Is this open right now?

The official page shows status as paused. Treat this as not currently open until a fresh published call window is confirmed.

Can a paused call have useful details I can use?

Yes. The rules and requirements shown remain useful for preparing your internal planning package and a rapid-response draft if the next open window appears.

Can I apply without prior MRC funding?

Yes, if other criteria are met and your host is eligible. The page allows organisations without IAA to use this route as a smaller early-stage translational step.

How many work packages are allowed?

The opportunity is explicitly single-step. Multi-package applications are repeatedly flagged as not eligible.

Can an international lead apply?

An international project co-lead is possible in specific structures, but a lead based on an international organisation is generally not allowed except for documented exceptions.

What if I do an AI-based project?

If AI is a core enabling part of the approach, you need to complete the AI-specific declaration and category response in the Funding Service.

Do we need internal support letters?

Yes, where roles and project support are claimed by the research organisation, expected support is required and should be stated accurately.
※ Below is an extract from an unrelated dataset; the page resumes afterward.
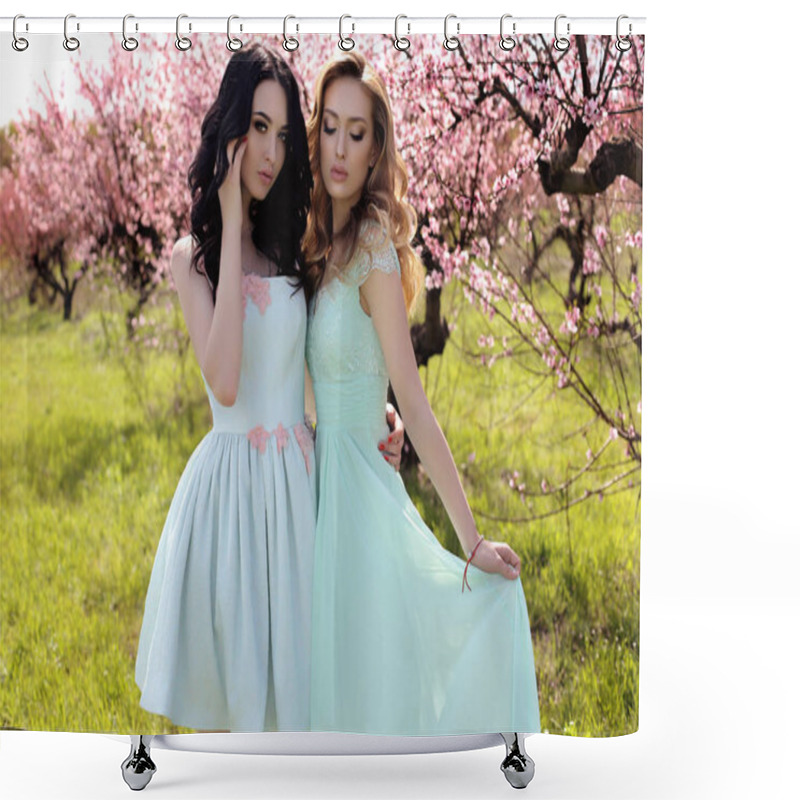 Personality  Gorgeous Young Women In Elegant Dress Posing In Garden With Blossom Peach Trees Shower Curtains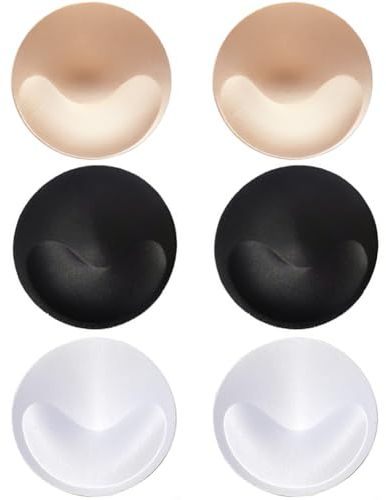 TOPWEL 3 Pairs Round Bra Pads Removable Inserts Sport Bra Cups Bra Inserts Bust Enhancer Invisible Padded Bra Cups for Bikini Top Swimsuit Dresses (Skin/Black/White)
What happens if application fails?

Failure is common in high-risk translational funding, and the public guidance supports this reality. The key is whether the application provides a robust and useful decision point for the team and funders.

Step-by-step readiness before reopening

When you are ready for a likely reopen, use this sequence:

  1. Confirm the opportunity is live and copy the current dates exactly.
  2. Register all internal users and test funding service access.
  3. Lock your single-step question and success/failure rule.
  4. Prepare partner statements and roles.
  5. Build the budget for standard costs and permitted exceptions.
  6. Complete drafts for background, approach, team capability and data plan.
  7. Run an internal read of all mandatory fields and check-word limits.
  8. Submit well before institutional and system cut-off deadlines.
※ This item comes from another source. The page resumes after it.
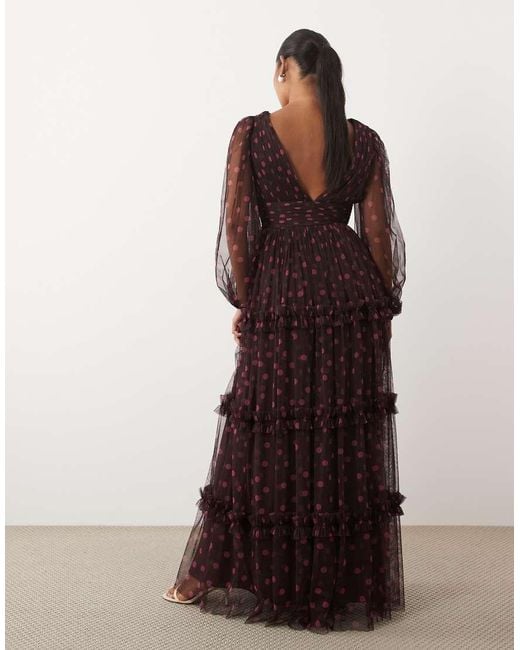 LACE & BEADS Brown Tulle Sheer Balloon Sleeve Plunge Neck Tiered Maxi Dress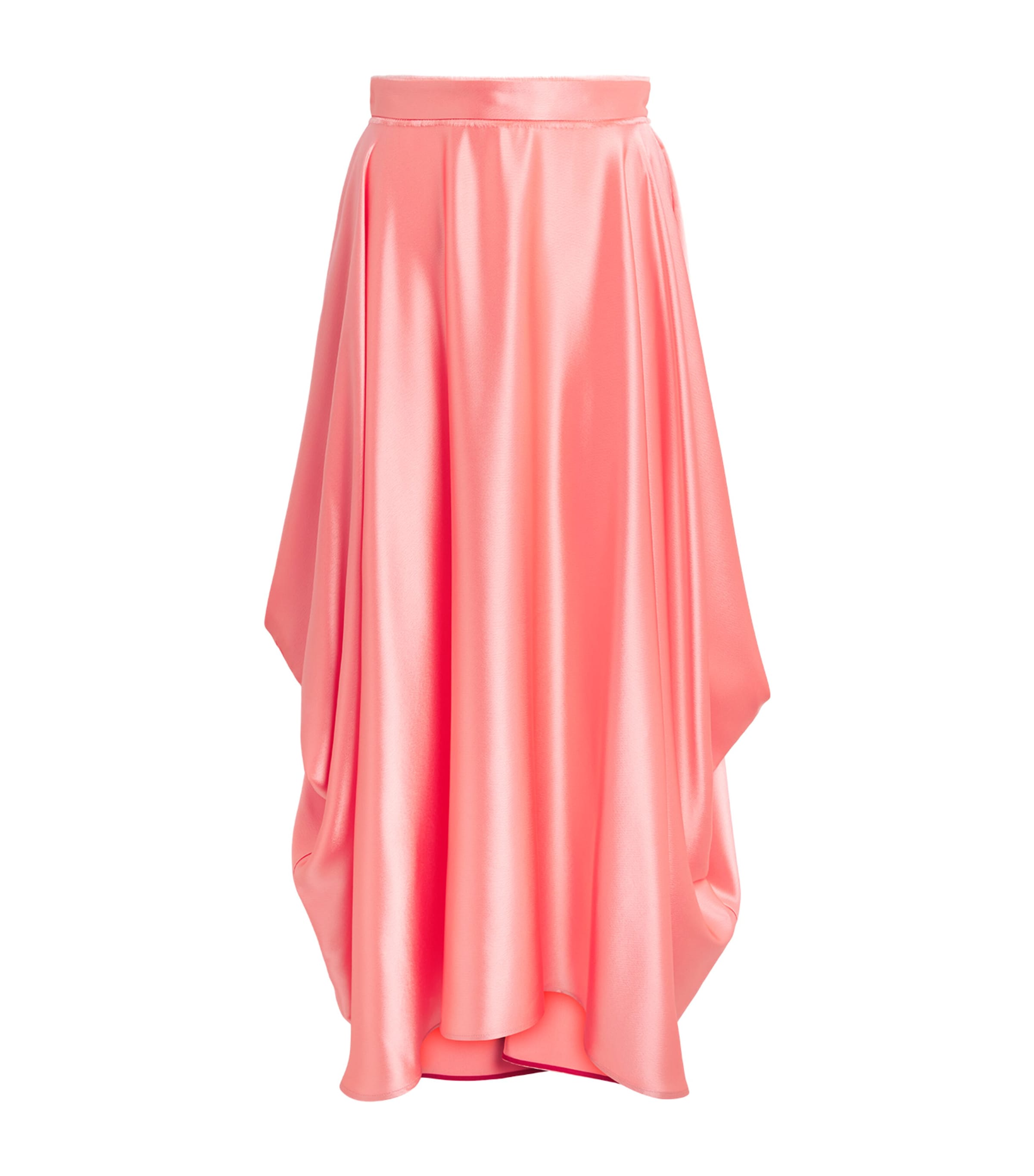 Roksanda Womens Satin Amari Midi Skirt Peach Pink Image 1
Do not wait for the final day to discover your institution is missing required support details.

Bottom line

The MRC Gap Fund is best for teams with one sharply defined translational bottleneck and a team that can show disciplined execution. It is not a general development grant. Do not force a full product roadmap into a single-step structure.

If the opportunity is paused, do not abandon the project. Use the pause to build a stronger, cleaner, decision-focused application package. If and when re-opened, submit only once your package is already internally aligned, because speed at reopen matters less than fit and completeness.